Melinda Gates: ‘Bill and I care about keeping all kids alive and that really is our focus.'

March 28, 2010 11:49 pm | Updated November 18, 2016 03:17 pm IST

Melinda French Gates  observes and participates in a meeting of newborn care stakeholders in the community of Rampur Bhuligadha village, U.P. India on March 24, 2010.. photo credit: Courtesy of the Bill & Melinda Gates Foundation

Melinda French Gates observes and participates in a meeting of newborn care stakeholders in the community of Rampur Bhuligadha village, U.P. India on March 24, 2010.. photo credit: Courtesy of the Bill & Melinda Gates Foundation

Melinda French Gatesis co-founder and co-chair — along with her husband, Microsoft founder Bill Gates, and his father William — of the Gates Foundation. It is one of the largest philanthropic trusts in the world, with an asset trust endowment of $33.5 billion, grant payments amounting to $3 billion in 2009, and grant commitments since inception totalling $22.61 billion. The Berkshire Gift, announced by Warren Buffett in June 2006, was a massive augmentation. The Foundation has been a major player in India, investing substantially in health-related fields, especially HIV-Aids prevention and maternal and newborn health.

Melinda Gates was in India in March 2010, visiting villages in Uttar Pradesh and talking about new investments and a Memorandum of Understanding with Chief Minister Mayawati and figuring out what needed to be done, including “cultural change,” to bring down the death rate among children under five in U.P. and Bihar.

She spoke toN. Ramabout what she saw and learnt, the focus of the Foundation's investments in India, what Warren Buffett's Berkshire Gift has meant to the Foundation, and the Gates' philosophy of giving. Excerpts from the interview:

Melinda Gates: Hello. Bill enjoyed meeting you last time he was here.

N. Ram: We had a chat. Mainly on the Foundation, a bit about the media, and two per cent on Microsoft.

Melinda Gates: Really [laughs]? That was a switch from before.

If I may now ask you about the purpose of your current visit. I also read Bill Gates' Second Annual Letter at the Foundation website. What is really striking is this: “The health statistics from northern India are terrible – nearly 10 per cent of children there die before the age of 5.” Your Foundation, which believes “All Lives Are of Equal Value,” seems determined to do something about that. Can you give us your reading of the situation?

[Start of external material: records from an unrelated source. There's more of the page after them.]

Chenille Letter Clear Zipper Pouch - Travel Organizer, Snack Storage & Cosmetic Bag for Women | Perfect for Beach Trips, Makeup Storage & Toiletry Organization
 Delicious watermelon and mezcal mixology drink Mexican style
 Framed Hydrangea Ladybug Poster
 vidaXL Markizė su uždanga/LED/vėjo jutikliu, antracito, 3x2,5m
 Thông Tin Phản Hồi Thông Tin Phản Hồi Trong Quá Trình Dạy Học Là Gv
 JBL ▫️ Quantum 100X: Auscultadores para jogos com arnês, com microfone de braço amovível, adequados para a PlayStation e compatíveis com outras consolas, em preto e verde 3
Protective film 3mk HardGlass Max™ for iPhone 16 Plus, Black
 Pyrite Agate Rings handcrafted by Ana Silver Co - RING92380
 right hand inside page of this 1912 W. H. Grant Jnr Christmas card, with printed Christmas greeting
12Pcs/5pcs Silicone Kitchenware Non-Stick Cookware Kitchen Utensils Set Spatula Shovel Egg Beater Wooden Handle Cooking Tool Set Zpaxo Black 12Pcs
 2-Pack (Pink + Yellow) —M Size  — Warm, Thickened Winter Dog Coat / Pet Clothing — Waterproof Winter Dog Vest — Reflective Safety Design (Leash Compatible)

Bill and I both have been travelling to India. He was in Bihar last time he was here and I came to U.P. exactly for that reason — which was to look at the issues around maternal and child deaths. As a world, we have come down from 50 million childhood deaths under the age of 5 back in1960. Now we're down to nine million deaths of children under the age of 5 every single year. So a huge drop but nine million is still way too many.

So when you parse that and say, a portion of them die from one month to five years and another portion, a large portion, of them die in the first 28 days, in the first month of life. When you look at India as a percentage of that, it has basically a million kids who die between the age of one month and five years, predominantly in U.P. and Bihar. And 900,000 of the deaths in the first 28 days of life are in India. So for us, India is a really important place where we can invest.

India's commitment to the National Rural Health Mission is what gives us all a chance to even make progress against these deaths. The infrastructure that's being laid in that system is crucial. Because when Bill and I look at these huge issues, our money can only be catalytic. The issues that we're taking on are really governmental issues. But some of the things we can do — I'll give you two examples.

I was in Barabanki and Rae Bareli districts in U.P. In Barabanki, I wanted to see this ‘Sure Start' programme of PATH [an international non-profit organisation in which the Gates Foundation is a partner], where they really get together the young women who are in those child-bearing years and their mothers-in-law — to try and effect cultural change and to talk about this: ‘It's really important to breastfeed. Right away. Don't wait till Day 3.' They wait for the priest who comes and picks the auspicious day. ‘Start right away because that colostrum with all the antibodies is really, really important for the baby. Exclusive breastfeeding. Don't give water even in the summer months. You don't want to introduce dirty water and goat's milk.'

‘And keep your baby warm, even in the summer months, when it's delivered. Not to let it be set aside while the birth attendant goes to help the mother, but to really keep that baby warm. And not wash the baby and cause abrasions.'

Those are literally cultural change things that can bring down this death rate.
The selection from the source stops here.